YOUR OBJECTIVE:
Would you print the lines below exactly, beginning at the line that has "I am applying" and stopping after the line that has "For dessert, I"? Only those lines, and no pictures.

#### SUPPLIED MATERIAL

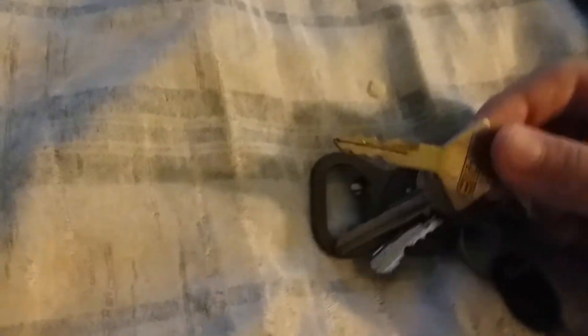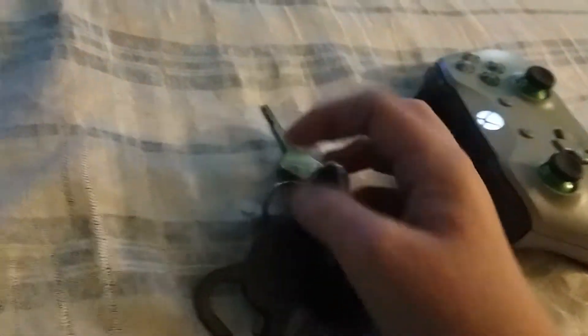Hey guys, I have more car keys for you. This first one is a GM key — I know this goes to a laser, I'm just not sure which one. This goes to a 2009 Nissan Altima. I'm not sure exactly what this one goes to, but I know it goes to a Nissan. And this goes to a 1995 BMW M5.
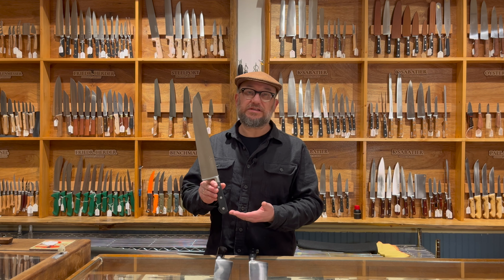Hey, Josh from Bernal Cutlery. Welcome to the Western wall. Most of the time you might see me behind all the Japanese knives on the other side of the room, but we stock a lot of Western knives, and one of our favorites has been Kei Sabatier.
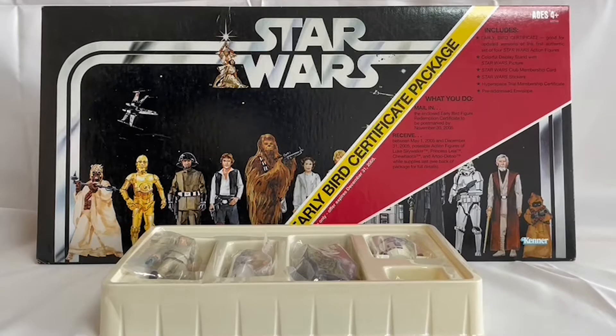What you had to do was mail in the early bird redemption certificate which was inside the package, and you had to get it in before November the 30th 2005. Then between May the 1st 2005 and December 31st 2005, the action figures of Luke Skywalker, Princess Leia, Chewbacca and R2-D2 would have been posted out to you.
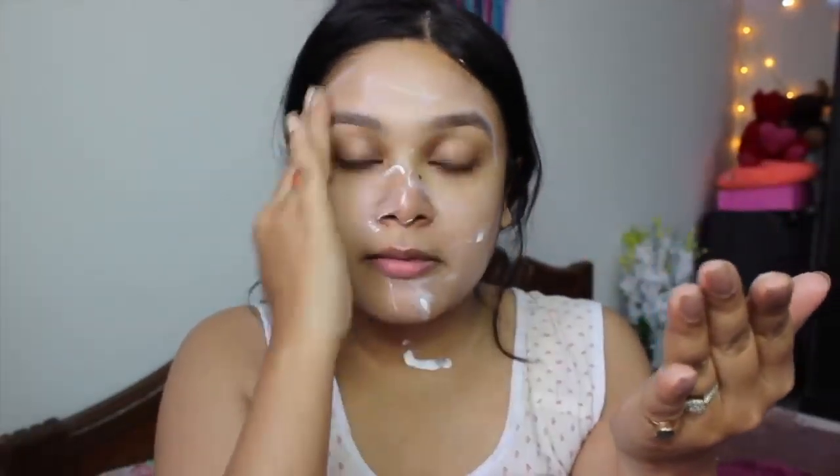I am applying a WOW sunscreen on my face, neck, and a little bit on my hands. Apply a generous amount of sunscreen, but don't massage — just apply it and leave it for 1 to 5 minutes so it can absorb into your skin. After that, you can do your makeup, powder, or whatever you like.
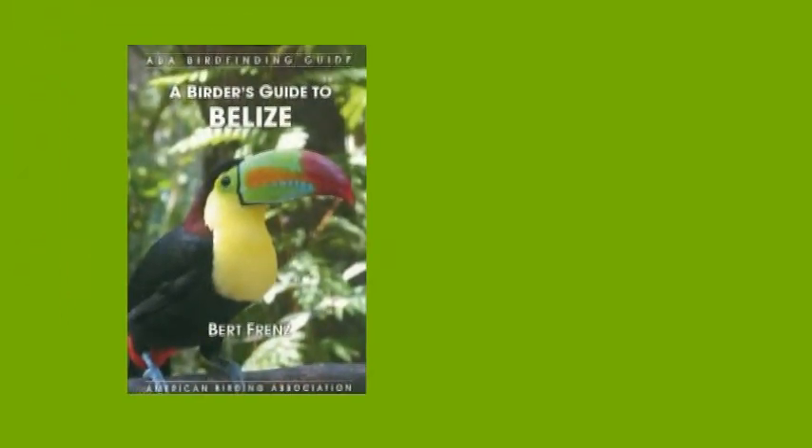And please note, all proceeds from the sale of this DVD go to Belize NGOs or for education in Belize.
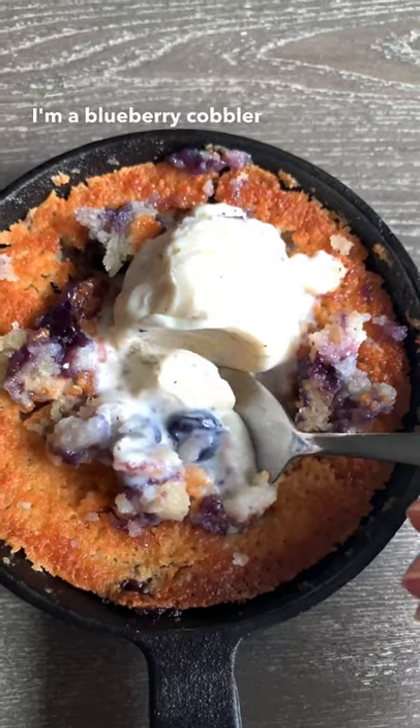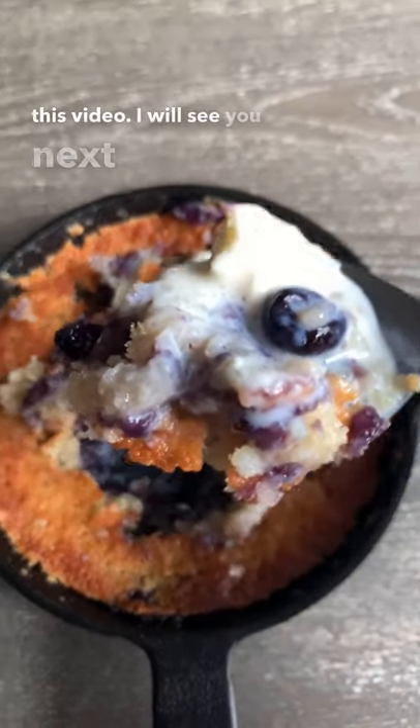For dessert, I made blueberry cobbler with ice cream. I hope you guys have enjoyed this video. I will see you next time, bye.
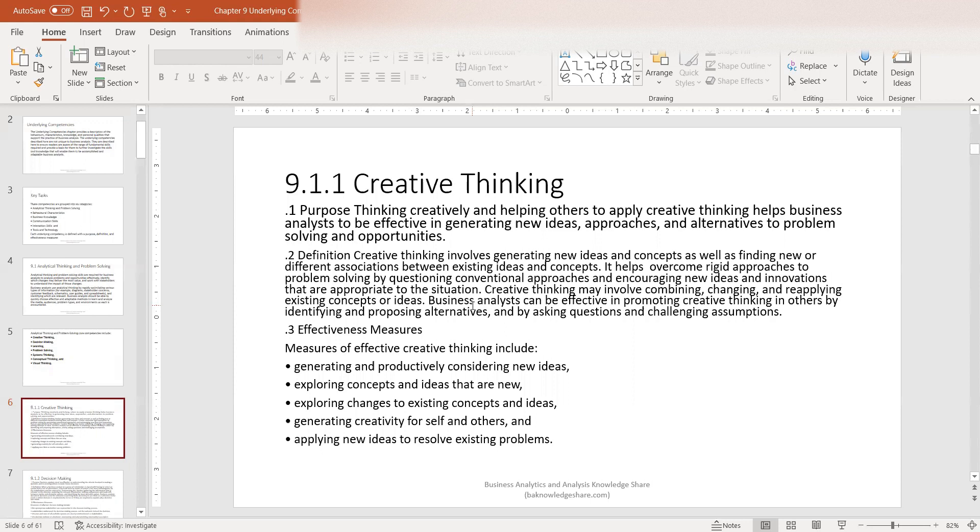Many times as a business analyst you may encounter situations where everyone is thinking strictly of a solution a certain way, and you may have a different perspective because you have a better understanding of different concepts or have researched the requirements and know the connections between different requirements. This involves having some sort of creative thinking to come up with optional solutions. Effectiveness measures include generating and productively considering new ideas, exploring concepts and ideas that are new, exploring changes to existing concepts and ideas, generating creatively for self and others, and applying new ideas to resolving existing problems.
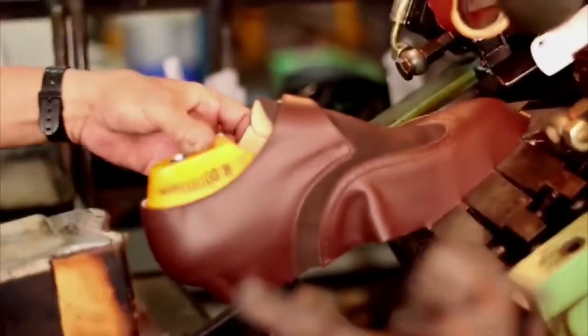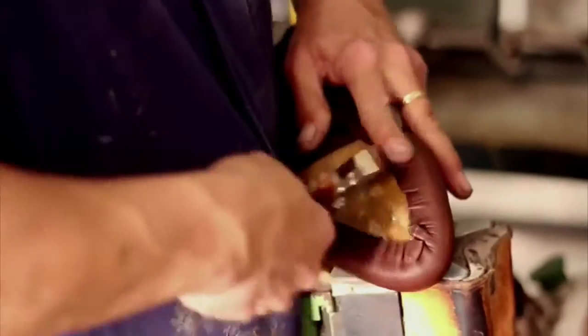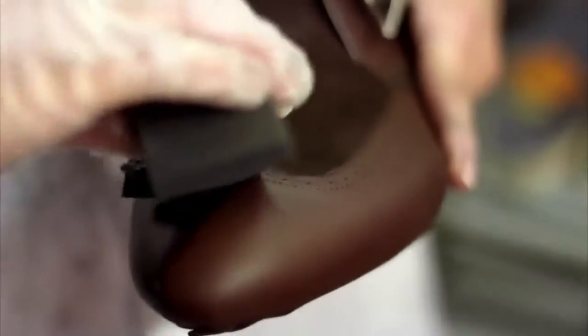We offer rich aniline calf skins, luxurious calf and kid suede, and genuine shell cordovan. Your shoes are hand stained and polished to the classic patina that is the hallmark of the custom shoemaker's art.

########

SOLVED PROBLEM:
I am applying a WOW sunscreen on my face, neck, and a little bit on my hands. Apply a generous amount of sunscreen, but don't massage — just apply it and leave it for 1 to 5 minutes so it can absorb into your skin. After that, you can do your makeup, powder, or whatever you like.
And please note, all proceeds from the sale of this DVD go to Belize NGOs or for education in Belize.
For dessert, I made blueberry cobbler with ice cream. I hope you guys have enjoyed this video. I will see you next time, bye.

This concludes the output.